To begin with, worldwide recognition of Taiwan is limited to 14 of the 193 countries affiliated to the UN, which in turn considers that only the People’s Republic of China can be called China —Taipei is designated the capital of the Republic of China. At the same time, even the island is careful never to have declared independence, in the hope of avoiding war and negotiating its autonomy.
It is not known how long Pelosi will be on the island, but tension between China and the US has been at an all-time high in recent years. The Chinese gave several war messages: they closed an area of ​​the South China Sea for military training and continued with live ammunition exercises further north, in the Bohai Sea – the gulf closest to Beijing.
In coastal cities in Fujian province, which directly targets Taiwan at a distance of at least 130 km, military vehicles and tanks were seen moving, according to the South China Morning Post. They would not participate in an invasion, an air-naval operation par excellence, but they serve as a signal.

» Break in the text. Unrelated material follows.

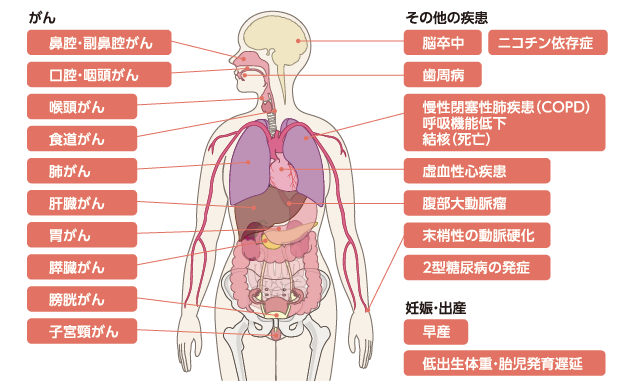 たばこによるがんや脳卒中などの疾患、妊娠・出産への影響を表すイラスト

There are unconfirmed reports that the two Chinese aircraft carriers were put into action. In the South China Sea, the US deployed a group of ships led by the aircraft carrier USS Ronald Reagan as early as last week in a freedom of navigation operation aimed at confronting Chinese claims in its main import-export corridor.
Search for Pelosi’s flight brings down website
The arrival of a deputy on the island had cinematographic touches. No one knew exactly whether she was on the plane or on a Taiwanese plane that left Kuala Lumpur, the Malaysian capital, at the same time. The trip was never officially announced.
Worldwide interest in the route took down a popular flight-tracking website, Flightradar24, which had 300,000 users trying to track Pelosi’s supposed path. With the identification signal SPAR19, the aircraft flew through the southern Philippines and turned left, climbing up the coast of the country to approach Taiwan from the Pacific.
His plane has, due to the configuration of the fuel tanks, almost twice the range of the 737-800 on which it is based, 9,300 km. There are 28 of them, in three versions, in the American fleet. It also bypassed the South China Sea and the Taiwan Strait, for obvious reasons.
Throughout the day, preparations were seen in Taiwan for the visit. Access to the Grand Hyatt Taipei hotel was blocked, and military personnel were seen at the capital’s airport. Pelosi is a particularly disliked figure in Beijing: in 1991, she staged a protest in Tiananmen Square against the massacre of students that had taken place two years earlier.